> ABOUT THIS TASK
Transcribe exactly the line that contains "WMARK Professional Infinite" and every line after it through the end of the records, with nothing else.

Short web captions:
———

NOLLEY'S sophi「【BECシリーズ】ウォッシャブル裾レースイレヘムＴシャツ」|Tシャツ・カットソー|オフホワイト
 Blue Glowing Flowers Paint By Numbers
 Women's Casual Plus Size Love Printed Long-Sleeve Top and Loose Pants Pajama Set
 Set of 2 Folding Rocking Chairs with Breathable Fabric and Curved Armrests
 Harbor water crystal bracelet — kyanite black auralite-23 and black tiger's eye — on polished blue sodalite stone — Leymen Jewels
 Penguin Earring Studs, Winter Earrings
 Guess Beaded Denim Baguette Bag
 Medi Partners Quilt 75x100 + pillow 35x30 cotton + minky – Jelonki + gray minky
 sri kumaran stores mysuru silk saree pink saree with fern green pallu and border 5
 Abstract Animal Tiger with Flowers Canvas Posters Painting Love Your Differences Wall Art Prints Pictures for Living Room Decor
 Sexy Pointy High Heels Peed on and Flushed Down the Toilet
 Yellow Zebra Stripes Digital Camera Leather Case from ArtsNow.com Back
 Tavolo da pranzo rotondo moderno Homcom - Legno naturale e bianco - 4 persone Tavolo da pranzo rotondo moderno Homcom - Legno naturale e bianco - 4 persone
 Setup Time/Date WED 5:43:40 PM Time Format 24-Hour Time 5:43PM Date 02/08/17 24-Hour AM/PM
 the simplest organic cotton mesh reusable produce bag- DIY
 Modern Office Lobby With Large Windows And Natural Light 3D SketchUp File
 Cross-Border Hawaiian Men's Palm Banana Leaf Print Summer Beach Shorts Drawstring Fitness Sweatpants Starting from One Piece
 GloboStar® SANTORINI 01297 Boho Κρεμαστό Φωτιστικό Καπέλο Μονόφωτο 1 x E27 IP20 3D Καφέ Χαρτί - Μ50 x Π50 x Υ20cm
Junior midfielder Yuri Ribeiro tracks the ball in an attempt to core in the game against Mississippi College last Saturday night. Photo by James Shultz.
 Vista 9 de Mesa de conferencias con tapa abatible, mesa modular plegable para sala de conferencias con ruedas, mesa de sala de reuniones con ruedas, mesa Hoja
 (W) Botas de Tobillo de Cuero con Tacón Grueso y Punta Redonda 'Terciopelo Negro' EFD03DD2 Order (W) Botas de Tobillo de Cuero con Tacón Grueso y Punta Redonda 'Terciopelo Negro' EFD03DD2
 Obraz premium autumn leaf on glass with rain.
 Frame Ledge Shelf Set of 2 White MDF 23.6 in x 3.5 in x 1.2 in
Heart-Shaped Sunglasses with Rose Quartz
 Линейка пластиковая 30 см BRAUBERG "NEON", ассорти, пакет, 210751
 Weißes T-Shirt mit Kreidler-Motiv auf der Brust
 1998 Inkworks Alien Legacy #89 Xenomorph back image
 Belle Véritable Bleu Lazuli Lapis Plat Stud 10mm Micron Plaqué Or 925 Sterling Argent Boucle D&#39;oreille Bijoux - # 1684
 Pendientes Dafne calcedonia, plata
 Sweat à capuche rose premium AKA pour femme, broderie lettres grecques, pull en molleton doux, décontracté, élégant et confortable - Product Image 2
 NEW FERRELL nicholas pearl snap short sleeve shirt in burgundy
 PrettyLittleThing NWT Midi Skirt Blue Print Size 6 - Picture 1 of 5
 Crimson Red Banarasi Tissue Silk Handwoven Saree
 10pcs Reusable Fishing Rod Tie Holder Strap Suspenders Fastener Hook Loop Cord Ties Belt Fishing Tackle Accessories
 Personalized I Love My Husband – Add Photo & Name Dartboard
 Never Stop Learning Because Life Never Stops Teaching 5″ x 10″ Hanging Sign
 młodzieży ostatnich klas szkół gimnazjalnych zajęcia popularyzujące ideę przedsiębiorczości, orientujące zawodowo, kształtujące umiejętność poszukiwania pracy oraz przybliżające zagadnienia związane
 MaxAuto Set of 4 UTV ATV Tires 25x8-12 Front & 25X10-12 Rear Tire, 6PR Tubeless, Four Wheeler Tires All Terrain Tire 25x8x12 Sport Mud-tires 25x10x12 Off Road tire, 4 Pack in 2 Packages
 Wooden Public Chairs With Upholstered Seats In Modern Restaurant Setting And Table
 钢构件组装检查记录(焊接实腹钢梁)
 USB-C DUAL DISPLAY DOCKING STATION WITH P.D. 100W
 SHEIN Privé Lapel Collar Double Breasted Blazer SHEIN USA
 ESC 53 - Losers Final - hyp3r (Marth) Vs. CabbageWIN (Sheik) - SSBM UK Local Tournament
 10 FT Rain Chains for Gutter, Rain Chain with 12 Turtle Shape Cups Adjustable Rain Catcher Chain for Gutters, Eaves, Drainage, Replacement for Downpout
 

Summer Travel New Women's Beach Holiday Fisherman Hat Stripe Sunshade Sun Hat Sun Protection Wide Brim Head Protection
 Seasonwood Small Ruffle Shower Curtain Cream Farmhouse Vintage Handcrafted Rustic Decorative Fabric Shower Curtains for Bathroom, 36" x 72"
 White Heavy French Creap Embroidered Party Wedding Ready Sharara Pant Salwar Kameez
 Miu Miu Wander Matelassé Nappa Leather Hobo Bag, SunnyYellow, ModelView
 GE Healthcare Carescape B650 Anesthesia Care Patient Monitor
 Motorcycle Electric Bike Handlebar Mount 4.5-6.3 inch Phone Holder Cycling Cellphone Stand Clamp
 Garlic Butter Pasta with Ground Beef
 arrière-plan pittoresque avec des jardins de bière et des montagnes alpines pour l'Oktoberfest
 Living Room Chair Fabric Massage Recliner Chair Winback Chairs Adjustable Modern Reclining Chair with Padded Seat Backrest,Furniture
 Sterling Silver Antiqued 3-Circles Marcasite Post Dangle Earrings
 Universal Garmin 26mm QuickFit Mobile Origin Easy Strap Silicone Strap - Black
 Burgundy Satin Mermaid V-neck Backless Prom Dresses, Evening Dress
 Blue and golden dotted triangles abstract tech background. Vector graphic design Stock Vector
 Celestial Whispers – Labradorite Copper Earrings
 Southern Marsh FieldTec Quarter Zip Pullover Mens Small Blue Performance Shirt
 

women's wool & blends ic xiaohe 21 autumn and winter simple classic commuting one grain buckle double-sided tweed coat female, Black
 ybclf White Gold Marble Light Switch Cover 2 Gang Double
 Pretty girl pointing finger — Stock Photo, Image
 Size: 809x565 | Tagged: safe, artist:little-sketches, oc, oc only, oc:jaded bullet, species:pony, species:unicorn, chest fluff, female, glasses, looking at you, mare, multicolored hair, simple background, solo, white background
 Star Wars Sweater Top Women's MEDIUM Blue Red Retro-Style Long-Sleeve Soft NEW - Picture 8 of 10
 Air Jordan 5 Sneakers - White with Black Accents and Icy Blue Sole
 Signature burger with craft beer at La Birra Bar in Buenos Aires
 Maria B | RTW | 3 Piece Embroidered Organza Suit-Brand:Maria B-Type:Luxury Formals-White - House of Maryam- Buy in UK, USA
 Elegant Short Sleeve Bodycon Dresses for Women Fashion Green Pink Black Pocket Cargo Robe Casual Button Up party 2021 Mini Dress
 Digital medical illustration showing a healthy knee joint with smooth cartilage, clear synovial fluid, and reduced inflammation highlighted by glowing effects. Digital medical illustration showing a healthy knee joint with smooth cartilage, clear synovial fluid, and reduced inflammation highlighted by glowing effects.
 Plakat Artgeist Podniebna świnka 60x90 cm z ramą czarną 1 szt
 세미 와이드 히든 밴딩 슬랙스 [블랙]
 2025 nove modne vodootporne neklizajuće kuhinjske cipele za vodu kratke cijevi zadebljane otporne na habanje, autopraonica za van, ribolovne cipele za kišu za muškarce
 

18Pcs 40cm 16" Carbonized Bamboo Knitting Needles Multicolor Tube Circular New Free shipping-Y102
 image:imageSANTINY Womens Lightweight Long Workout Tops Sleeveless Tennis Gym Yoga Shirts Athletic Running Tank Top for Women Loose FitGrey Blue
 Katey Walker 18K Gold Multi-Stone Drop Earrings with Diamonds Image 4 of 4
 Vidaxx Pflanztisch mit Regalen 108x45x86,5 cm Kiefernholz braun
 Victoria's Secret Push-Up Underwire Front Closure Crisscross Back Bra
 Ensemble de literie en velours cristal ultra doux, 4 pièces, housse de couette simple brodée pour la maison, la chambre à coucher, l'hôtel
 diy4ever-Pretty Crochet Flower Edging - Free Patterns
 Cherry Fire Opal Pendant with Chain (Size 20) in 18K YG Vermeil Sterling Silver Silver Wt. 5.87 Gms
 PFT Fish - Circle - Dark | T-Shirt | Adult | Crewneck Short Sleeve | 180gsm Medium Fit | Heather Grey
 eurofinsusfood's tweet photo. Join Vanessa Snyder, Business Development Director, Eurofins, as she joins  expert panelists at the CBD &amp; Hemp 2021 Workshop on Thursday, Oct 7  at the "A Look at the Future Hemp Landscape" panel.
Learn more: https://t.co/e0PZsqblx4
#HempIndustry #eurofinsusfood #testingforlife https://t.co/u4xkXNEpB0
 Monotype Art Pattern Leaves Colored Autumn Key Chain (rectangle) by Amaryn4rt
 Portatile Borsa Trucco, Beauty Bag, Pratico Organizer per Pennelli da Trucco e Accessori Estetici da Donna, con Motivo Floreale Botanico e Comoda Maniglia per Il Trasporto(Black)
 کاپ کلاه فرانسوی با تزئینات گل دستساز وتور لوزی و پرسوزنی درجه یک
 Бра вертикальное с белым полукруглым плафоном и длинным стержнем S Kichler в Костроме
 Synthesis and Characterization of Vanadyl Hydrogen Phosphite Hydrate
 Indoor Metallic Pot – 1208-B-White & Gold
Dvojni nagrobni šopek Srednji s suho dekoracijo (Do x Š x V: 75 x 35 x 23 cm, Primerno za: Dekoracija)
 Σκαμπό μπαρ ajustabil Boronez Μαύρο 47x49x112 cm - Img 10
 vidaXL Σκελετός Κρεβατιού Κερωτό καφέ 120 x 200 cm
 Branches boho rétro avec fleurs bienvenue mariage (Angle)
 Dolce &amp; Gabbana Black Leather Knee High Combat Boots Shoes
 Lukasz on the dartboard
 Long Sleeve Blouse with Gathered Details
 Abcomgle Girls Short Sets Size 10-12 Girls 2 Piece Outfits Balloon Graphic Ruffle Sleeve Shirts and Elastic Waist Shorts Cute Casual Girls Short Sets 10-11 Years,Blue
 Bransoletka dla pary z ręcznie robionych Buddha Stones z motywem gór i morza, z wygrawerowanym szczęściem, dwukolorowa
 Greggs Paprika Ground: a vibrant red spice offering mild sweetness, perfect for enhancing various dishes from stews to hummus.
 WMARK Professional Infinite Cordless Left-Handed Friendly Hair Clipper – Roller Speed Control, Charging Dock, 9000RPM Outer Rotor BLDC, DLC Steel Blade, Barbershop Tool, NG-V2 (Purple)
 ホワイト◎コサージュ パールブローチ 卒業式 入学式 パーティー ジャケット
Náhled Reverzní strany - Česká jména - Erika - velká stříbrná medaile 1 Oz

———

> RESPONSE TO THE EXERCISE
 WMARK Professional Infinite Cordless Left-Handed Friendly Hair Clipper – Roller Speed Control, Charging Dock, 9000RPM Outer Rotor BLDC, DLC Steel Blade, Barbershop Tool, NG-V2 (Purple)
 ホワイト◎コサージュ パールブローチ 卒業式 入学式 パーティー ジャケット
Náhled Reverzní strany - Česká jména - Erika - velká stříbrná medaile 1 Oz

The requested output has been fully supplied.